Data Preparation and Cleening
When working with machine learning, the initial step involves preparing the dataset. For demonstration purposes, we'll use a pre-downloaded dataset containing pumpkin pricing information.
Initial Data Exploration
import pandas as pd
pumpkin_data = pd.read_csv('../data/US-pumpkins.csv')
print(pumpkin_data.head())
print(pumpkin_data.tail())
Column Selection and Cleaning
selected_columns = ['Package', 'Month', 'Low Price', 'High Price', 'Date']

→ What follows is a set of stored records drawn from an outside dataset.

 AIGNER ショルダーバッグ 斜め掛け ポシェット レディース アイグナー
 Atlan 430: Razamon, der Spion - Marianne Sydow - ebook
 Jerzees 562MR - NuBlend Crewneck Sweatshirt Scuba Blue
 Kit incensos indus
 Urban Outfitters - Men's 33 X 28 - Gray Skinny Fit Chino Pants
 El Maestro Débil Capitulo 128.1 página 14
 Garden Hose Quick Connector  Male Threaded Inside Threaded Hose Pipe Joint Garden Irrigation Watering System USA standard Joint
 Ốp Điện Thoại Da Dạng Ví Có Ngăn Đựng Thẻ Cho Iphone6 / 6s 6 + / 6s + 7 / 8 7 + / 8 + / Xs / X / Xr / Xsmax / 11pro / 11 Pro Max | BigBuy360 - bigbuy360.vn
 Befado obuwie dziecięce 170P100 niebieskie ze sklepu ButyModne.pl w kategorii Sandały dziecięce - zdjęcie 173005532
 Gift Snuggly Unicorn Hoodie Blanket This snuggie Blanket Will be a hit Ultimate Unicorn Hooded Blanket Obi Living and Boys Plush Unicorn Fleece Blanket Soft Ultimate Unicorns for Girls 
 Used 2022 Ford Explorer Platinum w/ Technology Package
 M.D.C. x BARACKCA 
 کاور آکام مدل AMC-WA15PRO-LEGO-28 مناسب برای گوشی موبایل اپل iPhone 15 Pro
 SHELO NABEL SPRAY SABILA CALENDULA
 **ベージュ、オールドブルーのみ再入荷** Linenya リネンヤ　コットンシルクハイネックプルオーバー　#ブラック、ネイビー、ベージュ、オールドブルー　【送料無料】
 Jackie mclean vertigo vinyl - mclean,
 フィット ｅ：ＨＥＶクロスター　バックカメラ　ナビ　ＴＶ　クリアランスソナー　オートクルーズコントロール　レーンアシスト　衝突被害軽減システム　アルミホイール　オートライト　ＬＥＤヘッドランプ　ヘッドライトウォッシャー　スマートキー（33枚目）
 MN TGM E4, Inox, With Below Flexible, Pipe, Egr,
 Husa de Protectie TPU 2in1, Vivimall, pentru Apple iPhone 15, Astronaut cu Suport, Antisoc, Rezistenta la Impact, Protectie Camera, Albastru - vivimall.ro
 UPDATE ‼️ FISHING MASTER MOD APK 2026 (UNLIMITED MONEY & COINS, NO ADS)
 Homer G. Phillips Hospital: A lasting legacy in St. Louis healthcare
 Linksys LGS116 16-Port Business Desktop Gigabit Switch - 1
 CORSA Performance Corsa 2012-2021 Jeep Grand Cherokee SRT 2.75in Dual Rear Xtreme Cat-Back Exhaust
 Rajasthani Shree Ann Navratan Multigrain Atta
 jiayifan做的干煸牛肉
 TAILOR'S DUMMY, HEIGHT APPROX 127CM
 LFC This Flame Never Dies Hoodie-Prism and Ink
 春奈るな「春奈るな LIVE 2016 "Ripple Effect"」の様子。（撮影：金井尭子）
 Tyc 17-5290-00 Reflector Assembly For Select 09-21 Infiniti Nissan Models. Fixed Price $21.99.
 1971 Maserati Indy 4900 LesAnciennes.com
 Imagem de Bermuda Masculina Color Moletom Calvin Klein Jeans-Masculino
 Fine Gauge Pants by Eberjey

pumpkin_data = pumpkin_data.drop([col for col in pumpkin_data.columns
if col not in selected_columns], axis=1)
print(pumpkin_data.isnull().sum())
Data Transformation
# Extract month from date
month_data = pd.DatetimeIndex(pumpkin_data['Date']).month
# Calculate average price
avg_price = (pumpkin_data['Low Price'] + pumpkin_data['High Price']) / 2
# Filter by package type
filtered_pumpkins = pumpkin_data[pumpkin_data['Package'].str.contains('bushel',
case=True, regex=True)]
# Normalize prices
filtered_pumpkins.loc[filtered_pumpkins['Package'].str.contains('1 1/9'),
'Price'] = avg_price/(1 + 1/9)
filtered_pumpkins.loc[filtered_pumpkins['Package'].str.contains('1/2'),
'Price'] = avg_price/(1/2)
Data Visualization
import matplotlib.pyplot as plt
# Basic scatter plot
plt.scatter(filtered_pumpkins.Month, filtered_pumpkins.Price)
plt.show()
# Enhanced bar chart
filtered_pumpkins.groupby(['Month'])['Price'].mean().plot(kind='bar')
plt.ylabel("Average Pumpkin Price")
plt.show()
While this approach provides a basic analysis of pumpkin prices by month, it's important to note that additional factors like year, weather conditions, and measurement units could provide more comprehensive insights.